*** Data in this exercise
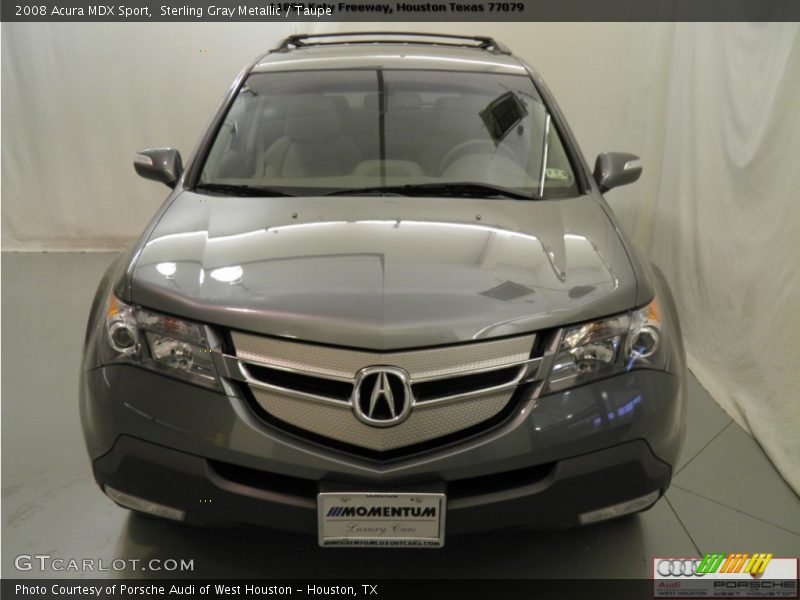 Sterling Gray Metallic / Taupe 2008 Acura MDX Sport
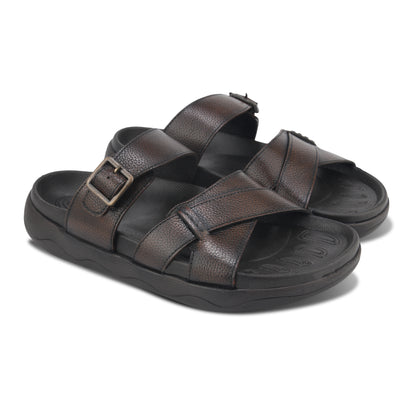 Men’s Casual Leather Buckle Sandals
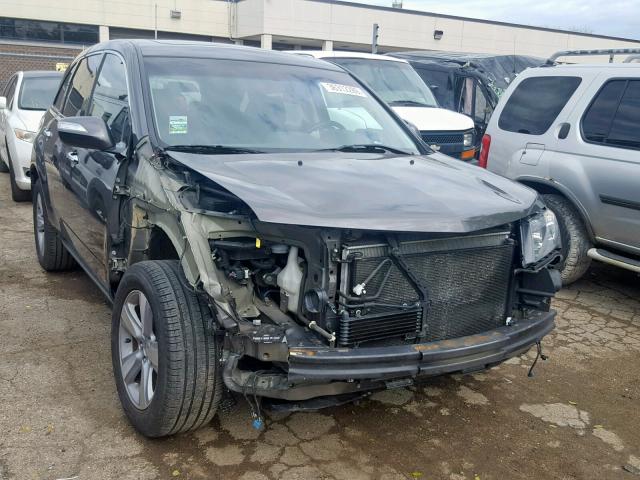 2HNYD2H6XBH550004 - 2011 ACURA MDX TECHNO GRAY photo 1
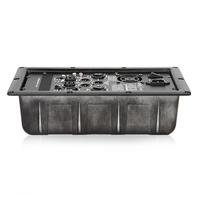 Module d'alimentation professionnel en métal 1000W, amplificateur de classe D continu, combo d'entrées XLR/1/4'', haut-parleur à excursions thermiques, double tension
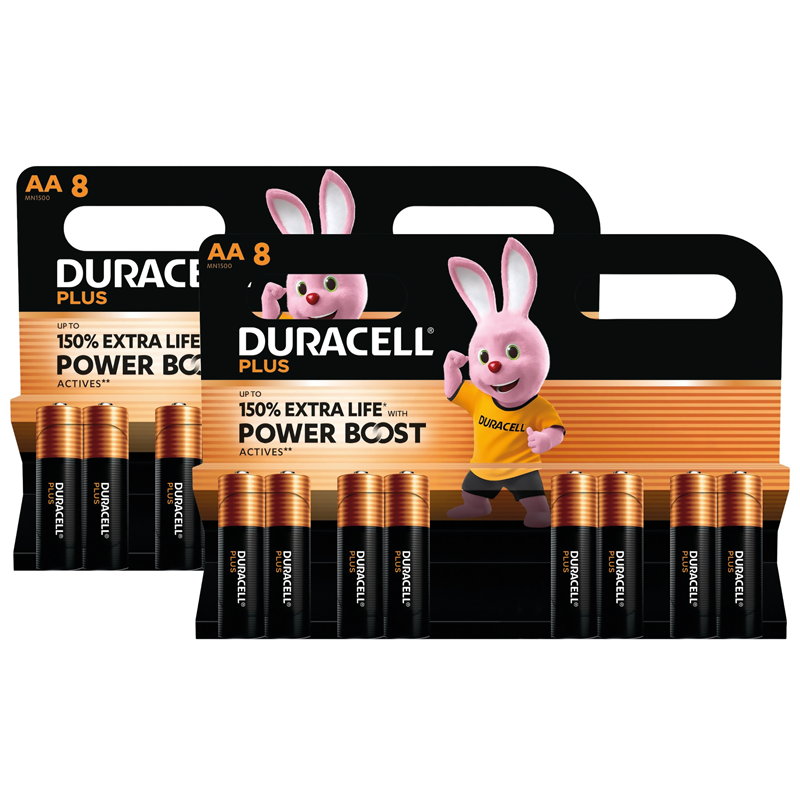 Duracell Plus 8+8 MN1500 AA/LR6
******
=== What the task requires ===
Omit the images and transcribe all of the records above word for word.

=== Expected answer ===
 Sterling Gray Metallic / Taupe 2008 Acura MDX Sport
 Men’s Casual Leather Buckle Sandals
 2HNYD2H6XBH550004 - 2011 ACURA MDX TECHNO GRAY photo 1
 Module d'alimentation professionnel en métal 1000W, amplificateur de classe D continu, combo d'entrées XLR/1/4'', haut-parleur à excursions thermiques, double tension
 Duracell Plus 8+8 MN1500 AA/LR6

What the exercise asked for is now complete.